= Beginning of Section =

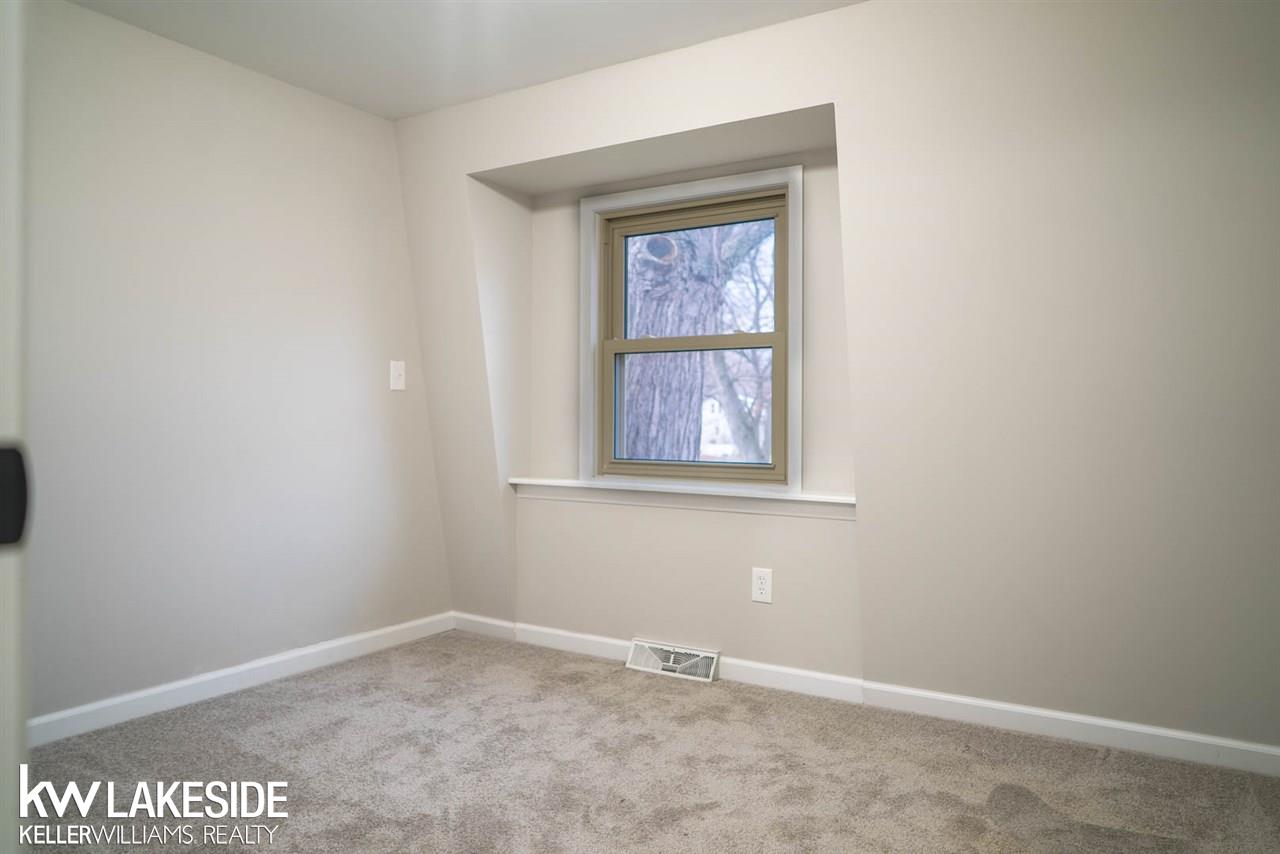 2814 Wakefield Road Berkley, MI 48072 - Photo 13 of 21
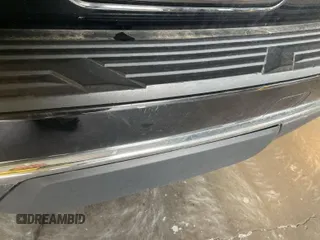 2022 Chevrolet Tahoe LS z VIN 1GNSKMKD7NR129745, wystawiony jako IAAI lot #42532712 z przebiegiem 95 126 mil mil oraz . Historia ofert i sprzedaży dostępna na DreamBid. Obrazek 1.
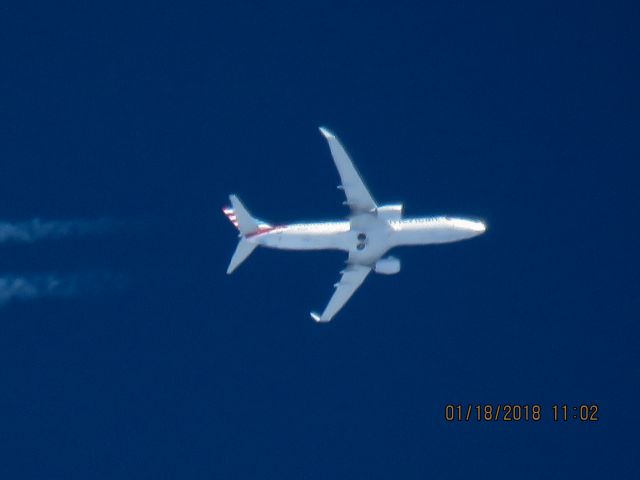 Boeing 737-800 (N968NN)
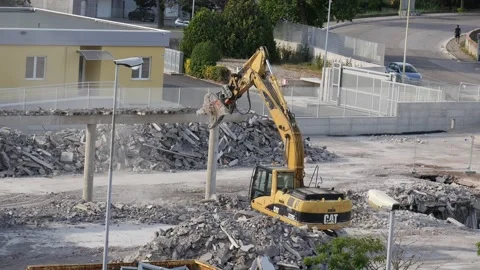 Demolition work with a hydraulic grapple -   B 库存影片 195898338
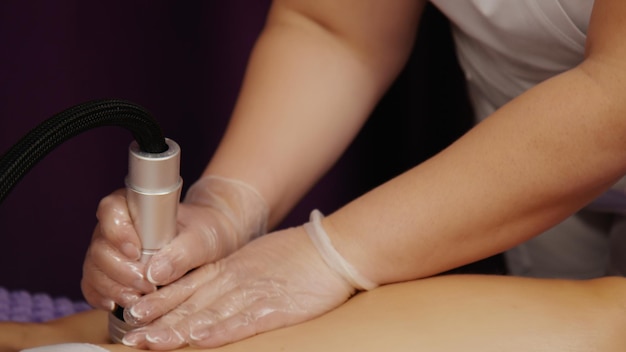 Vrouw ontvangt anti-aging anticellulitis massage vacuüm rf tillen in spa salon Wellness lichaam en huidverzorging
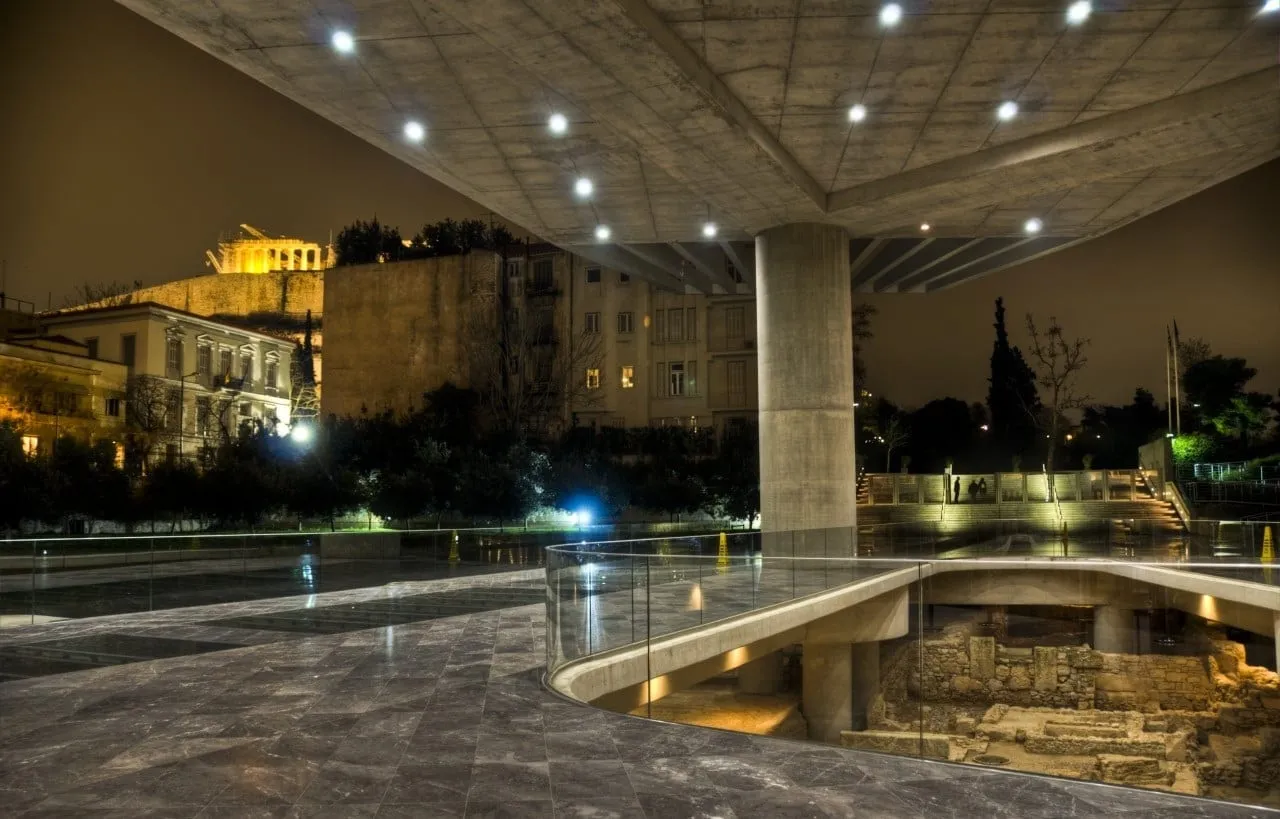 Nocny widok na nowoczesny gmach Muzeum Akropolu z Partenonem w tle
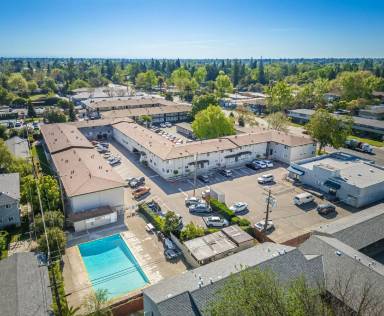 Main picture of Village Oaks Apartments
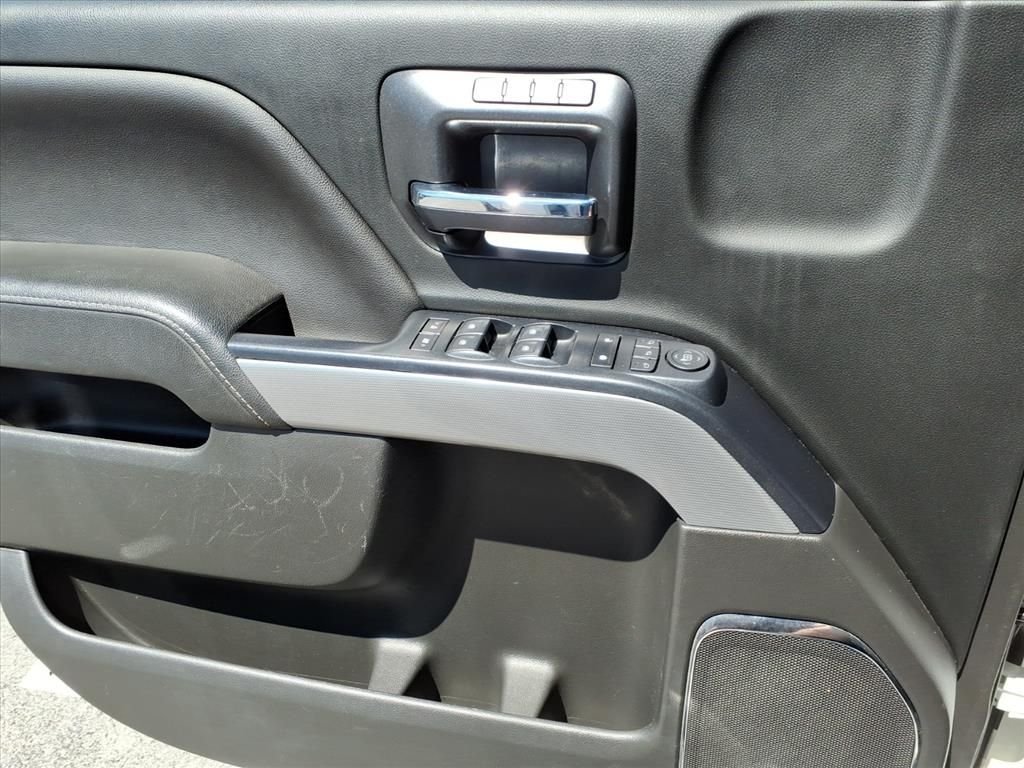 Used 2018 Summit White Chevrolet LTZ image 18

= End of Section =

Set down the data again, exactly, without images.

 2814 Wakefield Road Berkley, MI 48072 - Photo 13 of 21
 2022 Chevrolet Tahoe LS z VIN 1GNSKMKD7NR129745, wystawiony jako IAAI lot #42532712 z przebiegiem 95 126 mil mil oraz . Historia ofert i sprzedaży dostępna na DreamBid. Obrazek 1.
 Boeing 737-800 (N968NN)
 Demolition work with a hydraulic grapple -   B 库存影片 195898338
 Vrouw ontvangt anti-aging anticellulitis massage vacuüm rf tillen in spa salon Wellness lichaam en huidverzorging
 Nocny widok na nowoczesny gmach Muzeum Akropolu z Partenonem w tle
 Main picture of Village Oaks Apartments
 Used 2018 Summit White Chevrolet LTZ image 18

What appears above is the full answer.